How to Measure or Detect Echo Cancellation
Measure echo cancellation by joining audio, timing, transcript, and outcome signals:
AudioQualityEvaluator: FutureAGI evaluator for whether captured or generated speech is usable enough to trust downstream scoring.ASRAccuracy: companion evaluator for whether residual echo caused speech-to-text substitutions, insertions, or deletions.- Self-transcription rate: percentage of caller transcript tokens that match recent agent TTS segments during agent-only playback.
- False voice activity: VAD events fired while only the agent should be speaking, sliced by device, browser, codec, and room condition.
- Dashboard signals: audio-quality fail rate, word error rate, turn-overlap duration, repeated correction rate, escalation rate, and p99 turn latency.
from fi.evals import AudioQualityEvaluator, ASRAccuracy
audio_eval = AudioQualityEvaluator()
asr_eval = ASRAccuracy()
audio_score = audio_eval.evaluate(audio_path=call_audio).score
asr_score = asr_eval.evaluate(audio_path=call_audio, ground_truth=reference).score
print(audio_score, asr_score)
Do not stop at a pass/fail media flag. The real question is whether residual echo changed the transcript, turn policy, tool action, or final caller outcome.
Common Mistakes
Most echo bugs come from assuming the media stack solved the issue before the agent ever saw the call.
- Treating
echoCancellation: trueas proof. Device drivers, browser paths, SIP bridges, and speaker volume still change residual echo. - Testing only with headphones. Speakerphones, conference rooms, mobile loudspeaker mode, and car Bluetooth create the worst leakage.

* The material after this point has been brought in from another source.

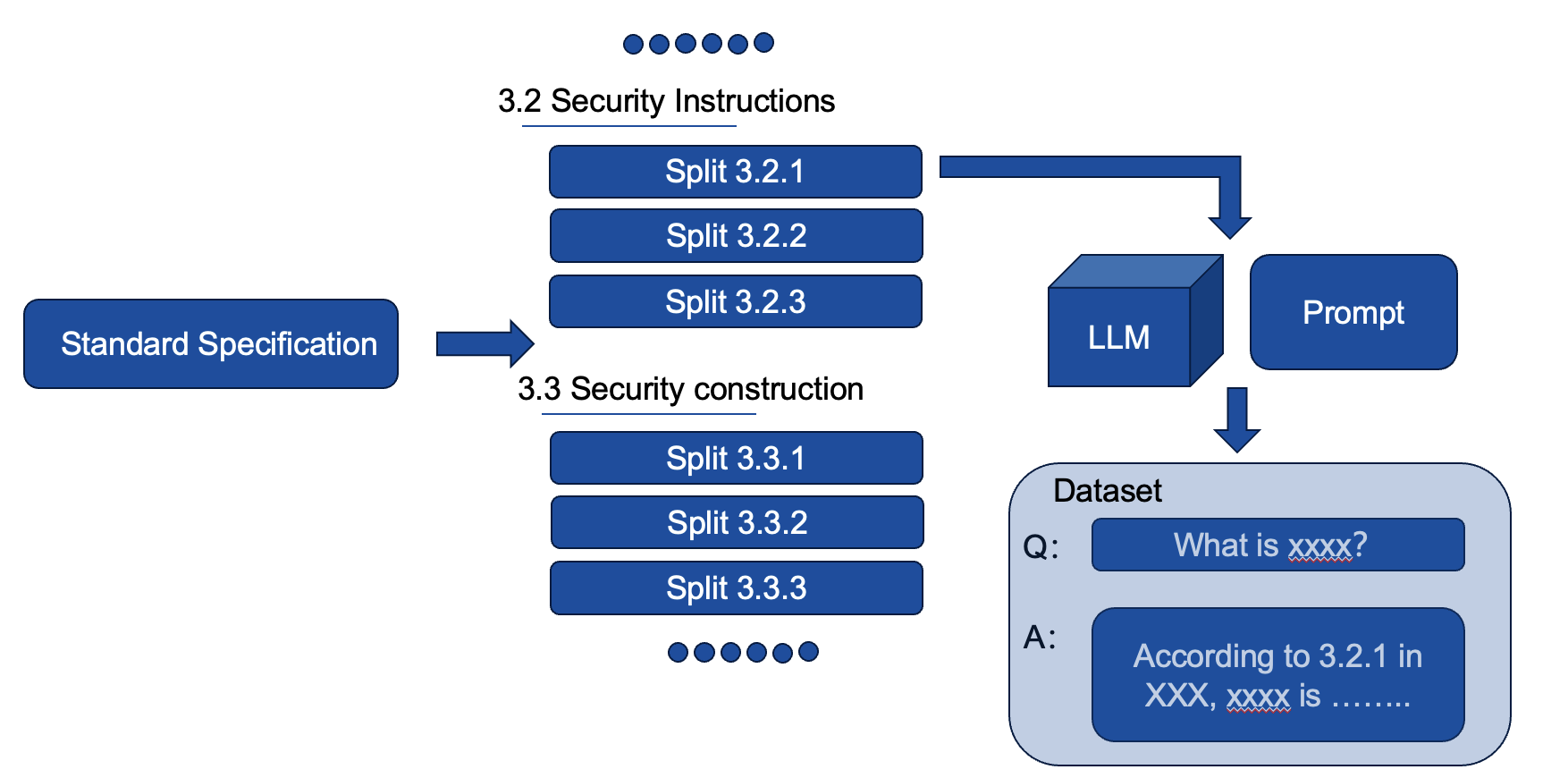 Publication hero image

- Scoring cleaned transcripts only. You miss the timing evidence that proves the caller never said the echoed phrase.
- Tuning noise suppression alone. Noise suppression reduces background sound; echo cancellation subtracts known playback from the microphone stream.
- Ignoring double-talk. Aggressive cancellation can suppress the caller exactly when they interrupt a speaking agent.

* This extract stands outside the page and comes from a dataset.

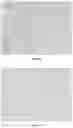 Fig. 09 - CONDUCTIVE PHOTO-CURABLE COMPOSITIONS FOR ADDITIVE MANUFACTURING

Frequently Asked Questions
What is echo cancellation in voice AI?
Echo cancellation removes the voice agent's playback from the microphone path so ASR hears the caller instead of a delayed copy of the agent. FutureAGI treats it as an upstream audio condition that affects audio quality, transcription, turns, and call outcomes.
How is echo cancellation different from noise suppression?
Echo cancellation subtracts known playback audio from microphone input. Noise suppression reduces unrelated background sound such as fans, traffic, keyboard clicks, or room noise.
How do you measure echo cancellation?
Use captured audio, turn-event traces, AudioQualityEvaluator, ASRAccuracy, and user-outcome signals such as self-transcription rate, false voice activity, repeated corrections, and escalation rate.